Friday, Sep. 08, 1961

Stillness over Katanga

By common agreement, the Congo is the U.N.'s greatest opportunity to establish its competence in the creation of a new order in a confused world. But some times there is serious question as to what kind of order the U.N.'s Secretary-General Dag Hammarskjold proposes to create. Last week, under the authority of a Security Council resolution calling for the removal of all Belgian officers from the Congo, U.N. troops staged an extraordinary operation.

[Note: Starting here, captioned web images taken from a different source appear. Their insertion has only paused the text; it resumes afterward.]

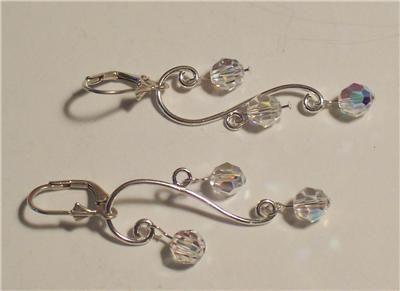 Sterling Silver AB Swarovski Crystal Chanelier Earrings  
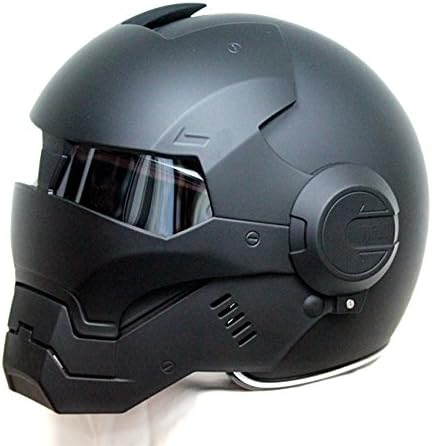 Masei 610 Atomic-Man Motorcycle DOT Helmet (L, Matt Black)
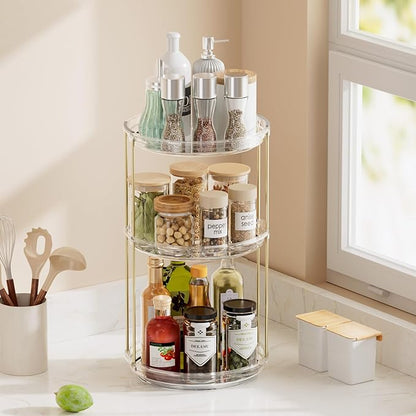 Delamu 3 Tier Rotating Makeup Organizer for Vanity, Skincare Organizer for Bathroom Counter, Spinning Perfume Organizer Cosmetic Holder with Large Capacity, Clear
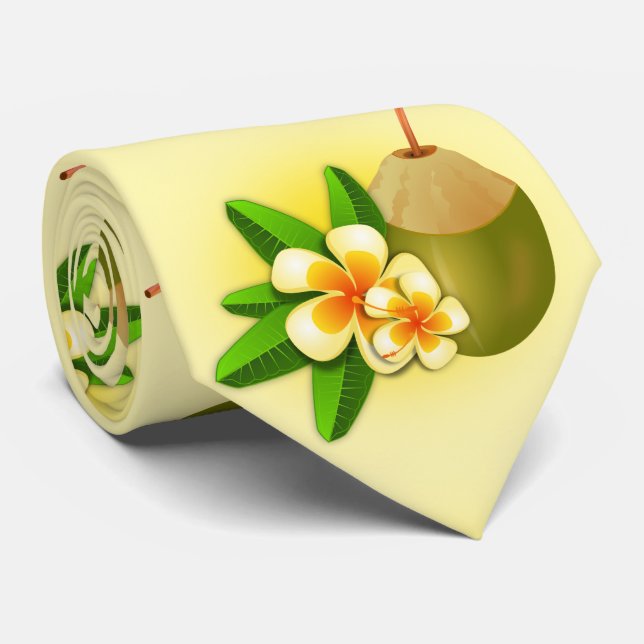 Funny hawaiian tropical coconut milk. yellow tie (Rolled)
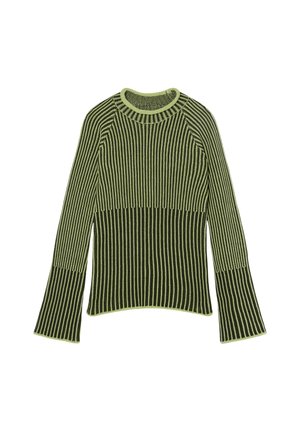 Grün und schwarz gestreifter Pullover mit langen Ärmeln, ribbeliger Textur und rundem Halsausschnitt. Auffälliges Design mit ausgestellten Ärmeln. Weiches Strickmaterial.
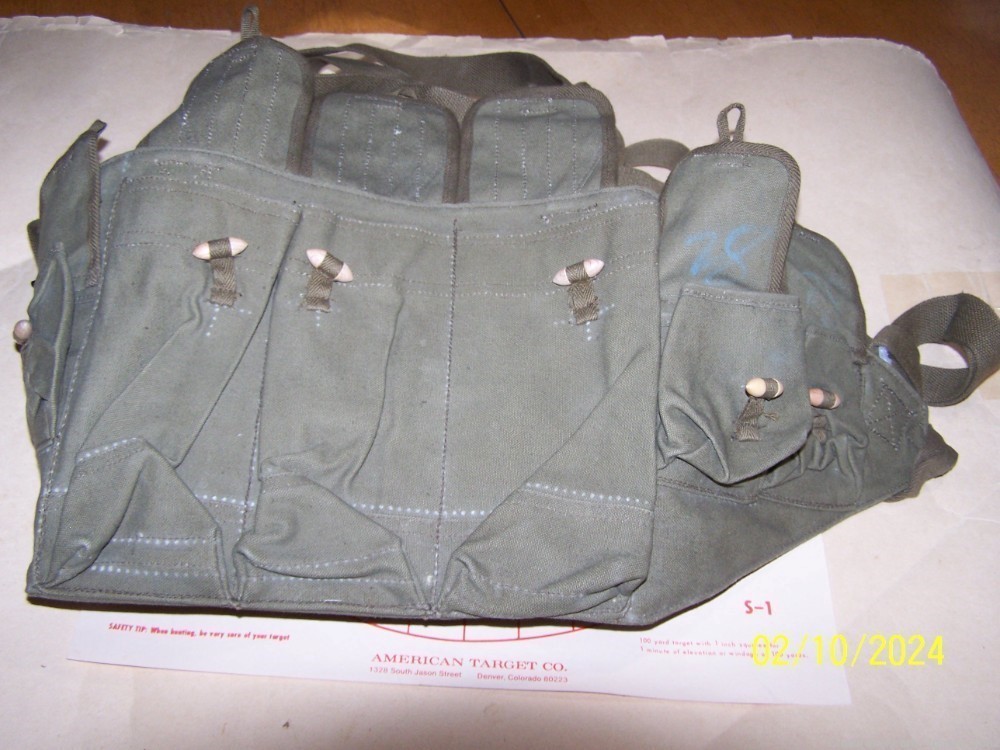 AK-47 AK-74 (2) Chinese OD Canvas 3-Mag Chest Harness-img-0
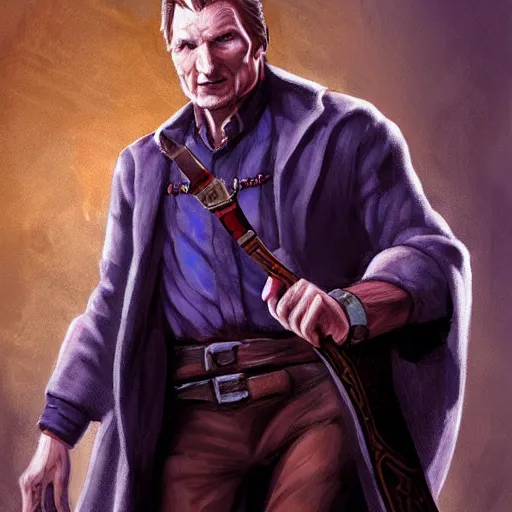 Prompt: Liam Neeson as Burl Gage, Antimage, iconic Character illustration by Wayne Reynolds for Paizo Pathfinder RPG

At dawn, blue-helmeted U.N. troops swarmed into action at Elisabethville, capital of the Congo's breakaway Katanga province. Without any warning to the Katangans, platoons of Indians seized the studios of Radio Katanga; Swedish infantry occupied the transmitter site on the outskirts of the city. At Katanga army headquarters, Irish troops intercepted Belgian officers on their way to work. Most of Katanga's 634 white officers surrendered expeditiously and were promptly put under U.N. detention pending expulsion from Katanga. Others prudently went underground or sought asylum at Elisabethville's foreign consulates. The 11,600 black Katanga troops remained passive, possibly because U.N. soldiers staged ferocious public bayonet drills and small-arms exercises in a pointed show of power. Remarked one senior Indian U.N. officer:

"We have these soldiers scared witless."

A delegation of U.N. officers went to see President Moise Tshombe, who between dawn and breakfast suddenly found himself deprived of most of his army's officer corps. Only a fortnight ago, Tshombe vowed to fight "unto death" any U.N. interference in his province. After listening to the delegation's tough talk, Tshombe meekly went on the air to appeal for calm. "The government bows to the decisions of the U.N.,'' he said. Then he took to his bed with a "mild heart attack."

If the U.N. has succeeded in temporarily cowing Katanga's dissidents, it proved less effective in Eastern Province, stronghold of Communist-lining Antoine Gizen-ga. Three weeks ago. Gizenga accepted the post of Vice Premier in the central government of Cyrille Adoula. But he seemed to have changed his mind. He refused to go to Leopoldville to take up his job. Instead, he formed a new National Patrice Lumumba Party and began orating against the U.N. ("hostile to the Congo"). Last week his soldiers, apparently feeling that it is open season on all Western whites, roughed up U.S. Consul Thomas A. Cassilly. All the U.N. could think of was to airlift 350 Ethiopian troops to Stanleyville to reinforce the U.N. force of 450 already there.